At the point of minimum drag, CD,o (drag coefficient of the aircraft when lift equals zero) is equal to CD,i (induced drag coefficient, or coefficient of drag created by lift). At the point of minimum power, CD,o is equal to one third times CD,i. This can be proven by deriving the following equations:[clarification needed]

$F_{drag}=qA_{s}C_{D}$

where:

$q={\frac {1}{2}}\rho u^{2}$

is the dynamic pressure and

$C_{D}=C_{D,o}+C_{D,i}$

where

$C_{D,{\text{i}}}={\frac {C_{L}^{2}}{\pi A\!\!{\text{R}}}}$ ,
$A\!\!{\text{R}}={\frac {b^{2}}{S}}\,$  is the aspect ratio,

## Form drag

Form drag or pressure drag arises because of the shape of the object. The general size and shape of the body are the most important factors in form drag; bodies with a larger presented cross-section will have a higher drag than thinner bodies; sleek ("streamlined") objects have lower form drag. Form drag follows the drag equation, meaning that it increases with velocity, and thus becomes more important for high-speed aircraft.

Form drag depends on the longitudinal section of the body. A prudent choice of body profile is essential for a low drag coefficient. Streamlines should be continuous, and separation of the boundary layer with its attendant vortices should be avoided.

## Skin friction drag

Skin friction drag arises from the friction of the fluid against the "skin" of the object that is moving through it. Skin friction arises from the interaction between the fluid and the skin of the body, and is directly related to the wetted surface, the area of the surface of the body that is in contact with the fluid. Air in contact with a body will stick to the body's surface and that layer will tend to stick to the next layer of air and that in turn to further layers, hence the body is dragging some amount of air with it. The force required to drag an "attached" layer of air with the body is called skin friction drag. Skin friction drag imparts some momentum to a mass of air as it passes through it and that air applies a retarding force on the body. As with other components of parasitic drag, skin friction follows the drag equation and rises with the square of the velocity.
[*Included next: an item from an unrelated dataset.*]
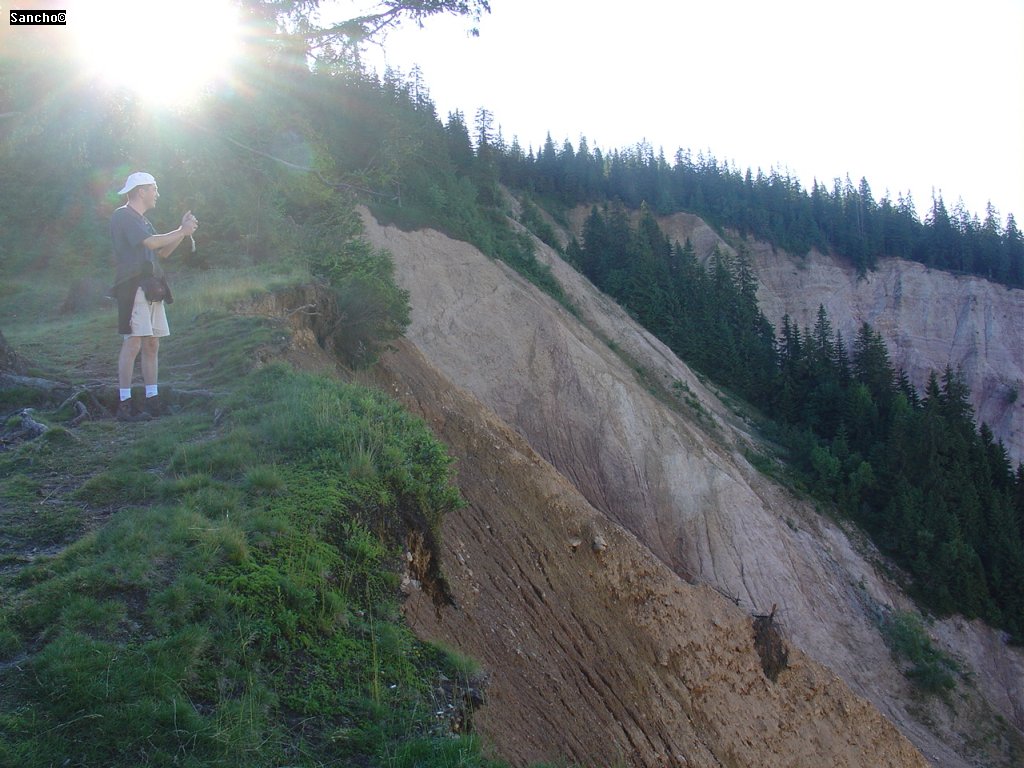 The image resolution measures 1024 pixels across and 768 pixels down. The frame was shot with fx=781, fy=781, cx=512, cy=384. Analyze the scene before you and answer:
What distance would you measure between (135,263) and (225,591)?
4168 millimetres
Skin friction is caused by viscous drag in the boundary layer around the object. The boundary layer at the front of the object is usually laminar and relatively thin, but becomes turbulent and thicker towards the rear. The position of the transition point from laminar to turbulent flow depends on the shape of the object. There are two ways to decrease friction drag: the first is to shape the moving body so that laminar flow is possible. The second method is to increase the length and decrease the cross-section of the moving object as much as practicable. To do so, a designer can consider the fineness ratio, which is the length of the aircraft divided by its diameter at the widest point (L/D). It is mostly kept 6:1 for subsonic flows. Increase in length increases Reynolds number. With Reynolds no. in the denominator for skin friction coefficient's relation, as its value is increased (in laminar range), total friction drag is reduced. While decrease in cross-sectional area decreases drag force on the body as the disturbance in air flow is less. For wings of an aircraft, a decrease in length (chord) of the wings will reduce "induced" drag though, if not the friction drag.
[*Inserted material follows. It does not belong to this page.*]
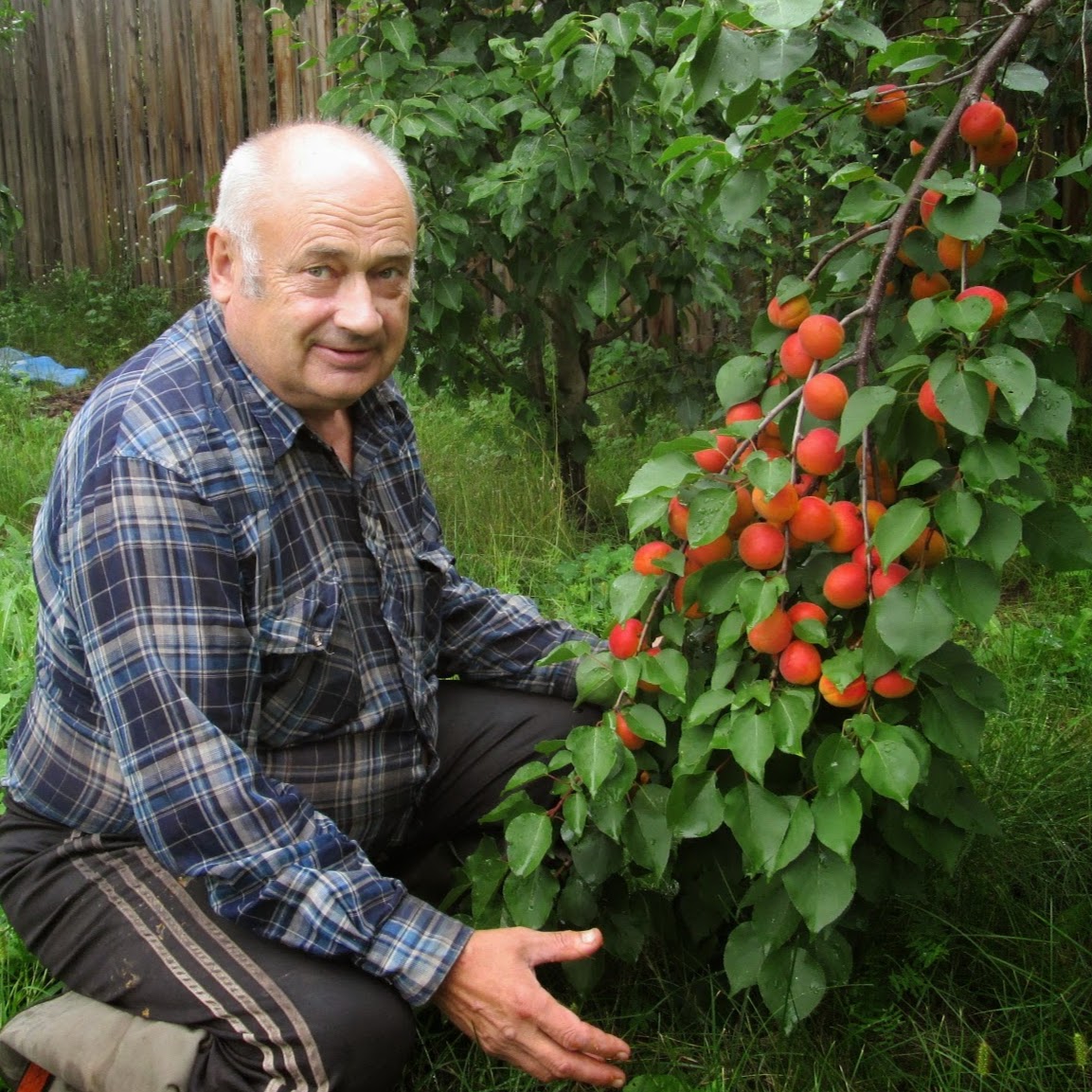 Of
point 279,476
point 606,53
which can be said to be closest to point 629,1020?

The skin friction coefficient, $C_{f}$ , is defined by

$C_{f}\equiv {\frac {\tau _{w}}{q}},$

where $\tau _{w}$  is the local wall shear stress, and q is the free-stream dynamic pressure. For boundary layers without a pressure gradient in the x direction, it is related to the momentum thickness as

$C_{f}=2{\frac {d\theta }{dx}}.$

For comparison, the turbulent empirical relation known as the One-seventh Power Law (derived by Theodore von Kármán) is:

$C_{f,tur}={\frac {0.074}{Re^{0.2}}},$

where $Re$  is the Reynolds number.

For a laminar flow over a plate, the skin friction coefficient can be determined using the following formula:

$C_{f,lam}={\frac {1.328}{\sqrt {Re}}}$

## Profile drag

Profile drag is a term usually applied to the drag acting on a wing. With a 2-dimensional wing there is no lift-induced drag so the whole of the drag is profile drag. With a 3-dimensional wing the total drag minus the lift-induced drag is the profile drag - it is defined as the sum of form drag and skin friction.